I feel a little guilty for not watching this sooner… if you know me at all you should know by now I’m a devout Vanessa Paradis fan and will always watch anything she’s in eventually, but the marketing for this that I saw didn’t really make out her role to be much at all; made the movie out to be a romantic comedy of the likes that I frankly feared could even turn me off her; and the Facebook page was the worst offender, reaching out to Vanessa Paradis fans (who hadn’t yet “liked” the film’s page) with competitions aimed directly at (I can’t think of a better way of saying this; either you know me and it won’t matter or you don’t, in which case, trust me, I mean well) tragically girly girls… y’know, the kind that think no men are capable of liking a movie like this so don’t even give them a chance? (I point to one of the more recent posts on that page: “This movie comes out on DVD in the US, on my birthday!!! :) I have already alerted my husband…”) (ugh… and since I first drafted this review months ago, the wall is now full of promo for the William and Kate movie… who the f**k is running that sh*t?)

Then there was Mark Kermode’s review… he somehow between watching the movie and talking about it managed to turn it in his memory into a typically xenophobic “French man: romantic; Englishman: evil” tale which it simply isn’t. Andrew Lincoln is in no way made out here to be a bad guy… an infuriatingly good guy, sure, and simply not the right guy in the end. He plays Vanessa Paradis’ fiancé. Romain Duris plays a guy who splits couples up for a living. Don’t let that concept put you off though – like Léon in The Professional, this guy has rules. He only goes to work if the woman is truly unhappy. We can tell when we meet Paradis and Lincoln that she’s not necessarily unhappy, and he’s certainly not the monster we’ve seen Duris work on in the prologue (looking for cracks, at one point Duris is disguised as a homeless man, staking out the couple at a restaurant – Lincoln gets a doggie bag to take his food home in – “Aha! a Cheapskate!” Duris happily proclaims, before Lincoln brings the doggie bag out to give the homeless people…). He usually wouldn’t take this job.

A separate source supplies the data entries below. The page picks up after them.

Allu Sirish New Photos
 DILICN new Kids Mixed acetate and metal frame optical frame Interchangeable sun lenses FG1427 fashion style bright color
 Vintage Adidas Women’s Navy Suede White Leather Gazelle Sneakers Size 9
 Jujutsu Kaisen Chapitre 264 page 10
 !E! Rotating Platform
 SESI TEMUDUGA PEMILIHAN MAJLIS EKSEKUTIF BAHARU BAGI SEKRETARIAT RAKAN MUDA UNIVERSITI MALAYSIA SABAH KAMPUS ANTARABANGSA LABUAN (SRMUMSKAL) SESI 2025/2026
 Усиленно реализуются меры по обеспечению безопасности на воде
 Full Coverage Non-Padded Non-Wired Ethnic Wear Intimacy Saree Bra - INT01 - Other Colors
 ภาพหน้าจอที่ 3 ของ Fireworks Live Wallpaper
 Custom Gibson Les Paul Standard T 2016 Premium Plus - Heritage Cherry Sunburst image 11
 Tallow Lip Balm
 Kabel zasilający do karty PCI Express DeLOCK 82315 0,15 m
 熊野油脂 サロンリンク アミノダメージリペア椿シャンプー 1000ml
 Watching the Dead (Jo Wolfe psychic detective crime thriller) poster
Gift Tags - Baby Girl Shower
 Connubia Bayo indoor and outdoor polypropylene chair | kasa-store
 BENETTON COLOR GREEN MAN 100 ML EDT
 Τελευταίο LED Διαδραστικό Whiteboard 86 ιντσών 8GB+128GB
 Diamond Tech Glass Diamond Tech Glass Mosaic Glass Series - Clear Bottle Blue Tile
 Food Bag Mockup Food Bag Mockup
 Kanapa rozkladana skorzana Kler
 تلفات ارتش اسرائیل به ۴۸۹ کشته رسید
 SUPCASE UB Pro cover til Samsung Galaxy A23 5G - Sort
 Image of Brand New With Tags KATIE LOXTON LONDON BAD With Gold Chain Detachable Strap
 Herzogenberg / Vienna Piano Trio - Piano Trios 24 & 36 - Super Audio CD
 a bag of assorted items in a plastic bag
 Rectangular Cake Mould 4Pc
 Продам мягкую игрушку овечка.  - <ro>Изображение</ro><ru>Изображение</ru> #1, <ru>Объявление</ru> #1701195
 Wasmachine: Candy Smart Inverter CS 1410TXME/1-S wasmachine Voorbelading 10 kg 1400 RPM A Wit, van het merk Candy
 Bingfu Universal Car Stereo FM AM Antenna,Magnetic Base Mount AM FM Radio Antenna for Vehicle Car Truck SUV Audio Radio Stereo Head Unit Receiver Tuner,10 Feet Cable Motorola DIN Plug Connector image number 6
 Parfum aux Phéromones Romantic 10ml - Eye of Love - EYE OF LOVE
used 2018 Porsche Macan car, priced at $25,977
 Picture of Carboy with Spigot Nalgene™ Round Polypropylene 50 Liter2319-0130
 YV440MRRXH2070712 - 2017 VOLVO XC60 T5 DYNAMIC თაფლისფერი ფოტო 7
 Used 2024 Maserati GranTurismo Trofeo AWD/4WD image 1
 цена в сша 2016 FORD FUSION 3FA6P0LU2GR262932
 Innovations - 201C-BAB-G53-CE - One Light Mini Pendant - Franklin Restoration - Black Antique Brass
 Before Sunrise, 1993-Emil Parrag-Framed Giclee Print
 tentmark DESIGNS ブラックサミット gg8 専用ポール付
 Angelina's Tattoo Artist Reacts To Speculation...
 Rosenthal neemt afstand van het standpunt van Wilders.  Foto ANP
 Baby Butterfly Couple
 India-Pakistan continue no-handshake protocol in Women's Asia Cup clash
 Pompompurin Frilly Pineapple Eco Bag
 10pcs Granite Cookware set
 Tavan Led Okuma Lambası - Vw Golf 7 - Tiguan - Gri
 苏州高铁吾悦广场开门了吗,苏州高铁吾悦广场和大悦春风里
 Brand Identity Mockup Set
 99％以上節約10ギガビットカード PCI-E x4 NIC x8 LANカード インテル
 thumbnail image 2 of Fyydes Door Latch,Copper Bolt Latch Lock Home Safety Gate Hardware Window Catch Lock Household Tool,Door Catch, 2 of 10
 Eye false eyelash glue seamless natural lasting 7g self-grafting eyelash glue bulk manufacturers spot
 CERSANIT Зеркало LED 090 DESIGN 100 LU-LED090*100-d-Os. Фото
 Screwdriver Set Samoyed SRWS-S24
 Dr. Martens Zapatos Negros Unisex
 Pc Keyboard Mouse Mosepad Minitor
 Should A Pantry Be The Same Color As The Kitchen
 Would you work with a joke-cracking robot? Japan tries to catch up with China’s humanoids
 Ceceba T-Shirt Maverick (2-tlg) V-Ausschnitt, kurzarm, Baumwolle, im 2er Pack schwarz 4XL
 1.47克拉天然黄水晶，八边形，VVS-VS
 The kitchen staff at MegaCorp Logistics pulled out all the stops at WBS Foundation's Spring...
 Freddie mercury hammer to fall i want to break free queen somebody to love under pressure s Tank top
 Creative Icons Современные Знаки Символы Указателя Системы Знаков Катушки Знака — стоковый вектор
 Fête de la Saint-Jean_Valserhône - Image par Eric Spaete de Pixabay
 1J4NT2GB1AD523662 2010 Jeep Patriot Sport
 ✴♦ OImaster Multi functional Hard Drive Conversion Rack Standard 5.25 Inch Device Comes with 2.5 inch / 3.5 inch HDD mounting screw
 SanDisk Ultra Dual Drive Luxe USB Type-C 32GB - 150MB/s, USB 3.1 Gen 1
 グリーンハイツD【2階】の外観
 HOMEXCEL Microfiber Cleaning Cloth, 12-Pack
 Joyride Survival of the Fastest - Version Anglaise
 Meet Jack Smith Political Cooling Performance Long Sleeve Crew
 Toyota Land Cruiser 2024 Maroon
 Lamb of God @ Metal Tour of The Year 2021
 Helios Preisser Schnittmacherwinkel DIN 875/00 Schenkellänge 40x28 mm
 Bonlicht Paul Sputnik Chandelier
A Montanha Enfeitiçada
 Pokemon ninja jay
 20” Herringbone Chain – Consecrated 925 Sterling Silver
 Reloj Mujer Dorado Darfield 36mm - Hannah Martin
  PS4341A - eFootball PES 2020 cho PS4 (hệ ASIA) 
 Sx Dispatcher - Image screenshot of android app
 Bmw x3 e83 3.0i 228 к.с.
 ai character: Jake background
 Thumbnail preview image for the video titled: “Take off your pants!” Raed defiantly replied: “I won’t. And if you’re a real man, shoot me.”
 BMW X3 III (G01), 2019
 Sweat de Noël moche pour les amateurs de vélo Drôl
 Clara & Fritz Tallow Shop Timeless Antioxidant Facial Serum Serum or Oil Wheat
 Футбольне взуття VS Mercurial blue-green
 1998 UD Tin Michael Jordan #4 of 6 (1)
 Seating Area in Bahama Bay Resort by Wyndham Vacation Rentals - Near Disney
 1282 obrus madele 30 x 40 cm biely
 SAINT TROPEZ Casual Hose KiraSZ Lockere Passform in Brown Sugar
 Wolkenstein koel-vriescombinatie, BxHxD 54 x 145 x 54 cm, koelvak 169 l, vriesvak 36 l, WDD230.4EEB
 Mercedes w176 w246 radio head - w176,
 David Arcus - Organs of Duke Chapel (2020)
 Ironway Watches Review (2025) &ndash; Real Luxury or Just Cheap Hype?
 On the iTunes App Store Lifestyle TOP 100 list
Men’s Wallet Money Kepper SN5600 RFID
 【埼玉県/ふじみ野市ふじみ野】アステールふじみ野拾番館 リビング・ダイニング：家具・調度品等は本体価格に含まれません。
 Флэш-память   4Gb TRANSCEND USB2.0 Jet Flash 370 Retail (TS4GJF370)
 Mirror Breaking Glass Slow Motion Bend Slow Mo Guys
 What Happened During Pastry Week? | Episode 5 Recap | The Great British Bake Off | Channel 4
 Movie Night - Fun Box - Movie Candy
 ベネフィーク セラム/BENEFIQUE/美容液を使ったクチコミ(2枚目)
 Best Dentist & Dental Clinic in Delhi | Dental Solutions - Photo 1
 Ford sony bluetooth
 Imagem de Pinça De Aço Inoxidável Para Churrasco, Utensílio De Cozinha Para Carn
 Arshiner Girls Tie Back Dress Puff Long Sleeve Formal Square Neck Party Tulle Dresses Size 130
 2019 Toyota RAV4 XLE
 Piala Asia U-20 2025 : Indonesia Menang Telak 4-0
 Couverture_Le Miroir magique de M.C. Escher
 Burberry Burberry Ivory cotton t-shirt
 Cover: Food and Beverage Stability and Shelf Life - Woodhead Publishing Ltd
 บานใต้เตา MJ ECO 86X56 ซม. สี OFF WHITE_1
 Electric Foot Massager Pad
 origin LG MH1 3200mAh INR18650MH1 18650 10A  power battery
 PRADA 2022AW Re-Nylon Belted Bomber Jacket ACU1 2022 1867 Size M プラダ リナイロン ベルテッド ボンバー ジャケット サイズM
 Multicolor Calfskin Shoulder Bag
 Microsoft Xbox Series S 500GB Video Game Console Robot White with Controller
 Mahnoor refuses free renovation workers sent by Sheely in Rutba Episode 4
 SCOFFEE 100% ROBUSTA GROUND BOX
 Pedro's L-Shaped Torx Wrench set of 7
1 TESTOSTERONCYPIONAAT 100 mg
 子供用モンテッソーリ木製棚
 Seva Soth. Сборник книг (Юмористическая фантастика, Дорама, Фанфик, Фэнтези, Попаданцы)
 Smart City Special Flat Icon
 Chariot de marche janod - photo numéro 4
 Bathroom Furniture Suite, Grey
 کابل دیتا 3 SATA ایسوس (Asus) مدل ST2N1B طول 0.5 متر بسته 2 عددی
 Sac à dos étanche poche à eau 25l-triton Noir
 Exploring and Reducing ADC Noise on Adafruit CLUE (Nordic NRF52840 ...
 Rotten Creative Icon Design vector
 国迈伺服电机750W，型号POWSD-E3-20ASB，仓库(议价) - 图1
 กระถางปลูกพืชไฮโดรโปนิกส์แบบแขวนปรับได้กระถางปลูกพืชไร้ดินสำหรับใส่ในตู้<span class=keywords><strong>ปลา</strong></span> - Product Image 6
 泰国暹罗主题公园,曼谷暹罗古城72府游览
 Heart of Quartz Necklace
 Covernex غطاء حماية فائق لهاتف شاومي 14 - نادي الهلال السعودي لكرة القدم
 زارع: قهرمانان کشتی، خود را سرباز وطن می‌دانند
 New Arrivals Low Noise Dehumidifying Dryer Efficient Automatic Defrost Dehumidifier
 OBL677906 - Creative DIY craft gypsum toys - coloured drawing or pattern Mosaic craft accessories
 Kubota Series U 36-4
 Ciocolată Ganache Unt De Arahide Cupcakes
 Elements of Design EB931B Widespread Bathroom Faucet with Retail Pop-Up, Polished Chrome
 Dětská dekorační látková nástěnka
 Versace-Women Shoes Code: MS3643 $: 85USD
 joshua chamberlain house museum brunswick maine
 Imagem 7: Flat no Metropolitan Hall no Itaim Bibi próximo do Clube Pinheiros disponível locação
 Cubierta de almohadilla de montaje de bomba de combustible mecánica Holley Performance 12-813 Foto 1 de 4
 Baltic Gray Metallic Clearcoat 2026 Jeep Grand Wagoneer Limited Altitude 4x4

But it turns out he likes the girl and he needs the money.

This movie made me laugh tons more than I expected, in fact I feel pretty safe saying it’s the most unashamedly enjoyable movie of 2010. With the Vanessa and the story and the comedy, this movie was already good enough even before the Dirty Dancing stuff came in. At first it’s little nods (Vanessa’s character is a big fan of the movie, Duris tries to acquaint himself with it to win her over)… but it builds to a sequence where they really do the full “I’ve Had the Time of My Life” dance. This would’ve thrilled me any time, but I’ve been really quite particularly into that movie lately and I’m not ashamed to say that this moment I damn near wet my pants with glee. Of course, not everyone will have this response to the movie… but sometimes a movie just comes along where that kind of thing just doesn’t matter, and for me this was that movie.